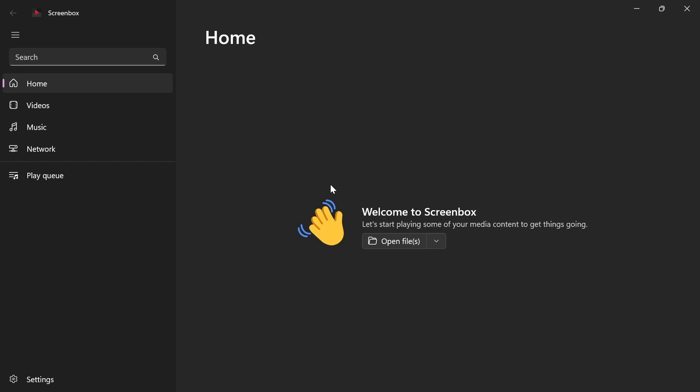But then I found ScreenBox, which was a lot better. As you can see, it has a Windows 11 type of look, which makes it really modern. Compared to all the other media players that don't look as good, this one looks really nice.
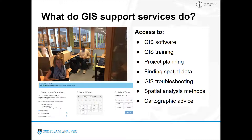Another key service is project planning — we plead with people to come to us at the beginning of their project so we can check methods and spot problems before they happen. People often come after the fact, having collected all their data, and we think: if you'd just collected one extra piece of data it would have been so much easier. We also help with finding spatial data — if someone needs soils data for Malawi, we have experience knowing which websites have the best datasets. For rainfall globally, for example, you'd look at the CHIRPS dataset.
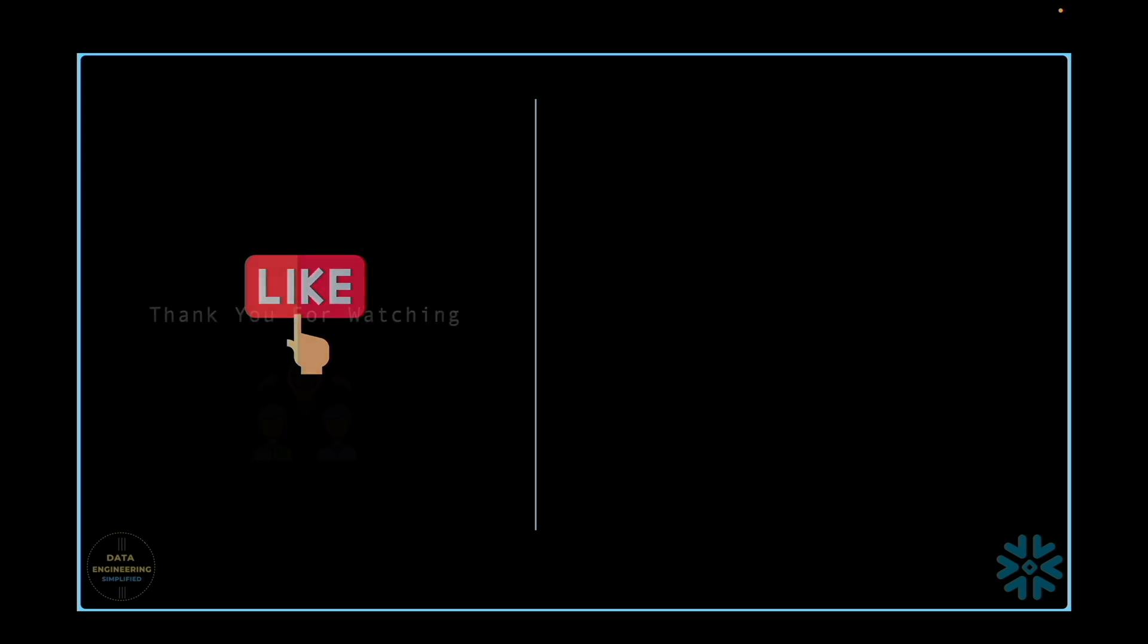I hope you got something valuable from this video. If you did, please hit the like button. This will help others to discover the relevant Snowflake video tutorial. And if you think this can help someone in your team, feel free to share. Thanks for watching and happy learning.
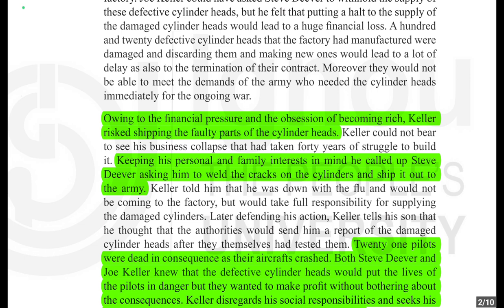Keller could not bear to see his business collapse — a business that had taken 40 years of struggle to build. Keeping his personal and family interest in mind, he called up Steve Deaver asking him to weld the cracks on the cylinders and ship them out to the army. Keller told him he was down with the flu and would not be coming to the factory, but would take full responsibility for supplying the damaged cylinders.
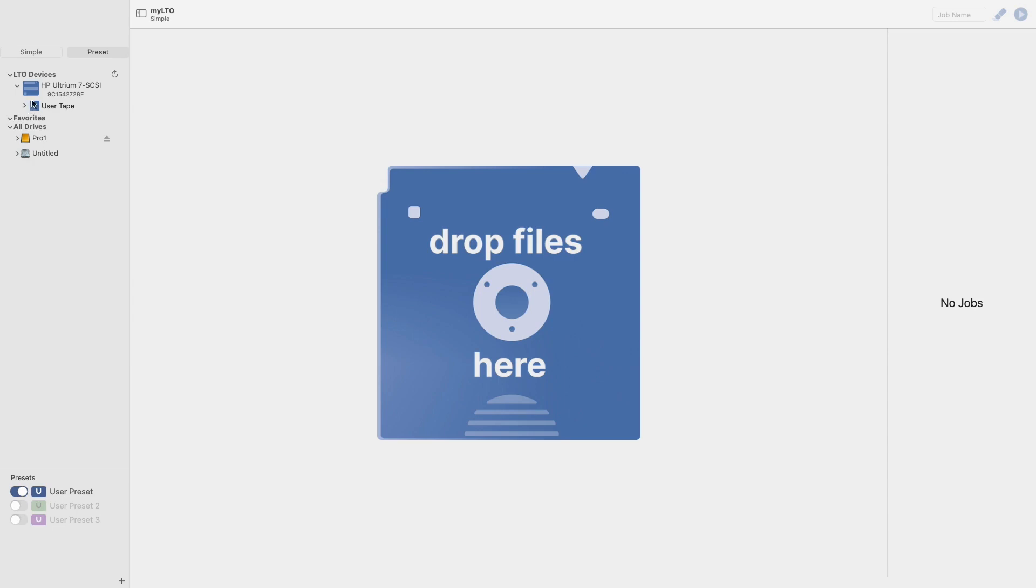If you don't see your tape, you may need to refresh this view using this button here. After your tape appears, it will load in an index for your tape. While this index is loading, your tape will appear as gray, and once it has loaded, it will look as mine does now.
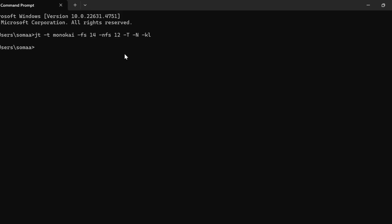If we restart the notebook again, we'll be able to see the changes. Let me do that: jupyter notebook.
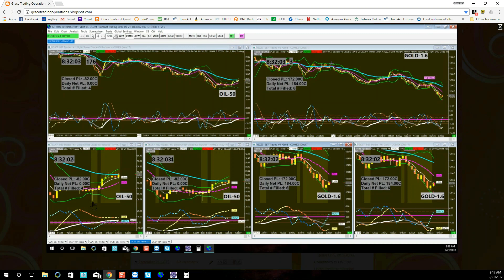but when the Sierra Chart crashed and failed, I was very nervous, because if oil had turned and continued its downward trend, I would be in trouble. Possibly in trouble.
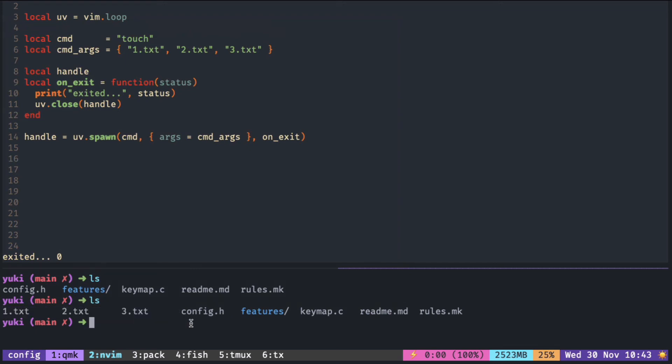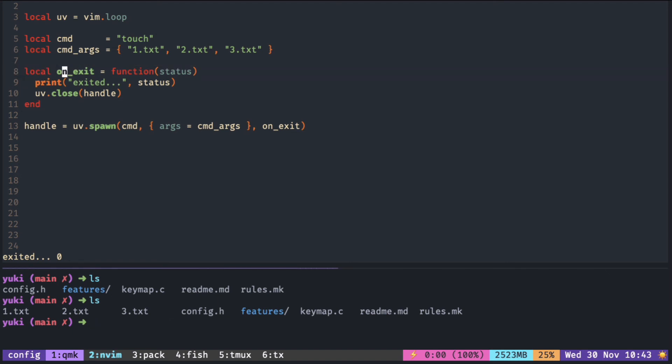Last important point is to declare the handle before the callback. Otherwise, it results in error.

→ Problem to work on
Reproduce each entry above word for word. Pictures are not part of the copy.

→ Response to the exercise
But then I found ScreenBox, which was a lot better. As you can see, it has a Windows 11 type of look, which makes it really modern. Compared to all the other media players that don't look as good, this one looks really nice.
Another key service is project planning — we plead with people to come to us at the beginning of their project so we can check methods and spot problems before they happen. People often come after the fact, having collected all their data, and we think: if you'd just collected one extra piece of data it would have been so much easier. We also help with finding spatial data — if someone needs soils data for Malawi, we have experience knowing which websites have the best datasets. For rainfall globally, for example, you'd look at the CHIRPS dataset.
I hope you got something valuable from this video. If you did, please hit the like button. This will help others to discover the relevant Snowflake video tutorial. And if you think this can help someone in your team, feel free to share. Thanks for watching and happy learning.
Keller could not bear to see his business collapse — a business that had taken 40 years of struggle to build. Keeping his personal and family interest in mind, he called up Steve Deaver asking him to weld the cracks on the cylinders and ship them out to the army. Keller told him he was down with the flu and would not be coming to the factory, but would take full responsibility for supplying the damaged cylinders.
If you don't see your tape, you may need to refresh this view using this button here. After your tape appears, it will load in an index for your tape. While this index is loading, your tape will appear as gray, and once it has loaded, it will look as mine does now.
If we restart the notebook again, we'll be able to see the changes. Let me do that: jupyter notebook.
but when the Sierra Chart crashed and failed, I was very nervous, because if oil had turned and continued its downward trend, I would be in trouble. Possibly in trouble.
Last important point is to declare the handle before the callback. Otherwise, it results in error.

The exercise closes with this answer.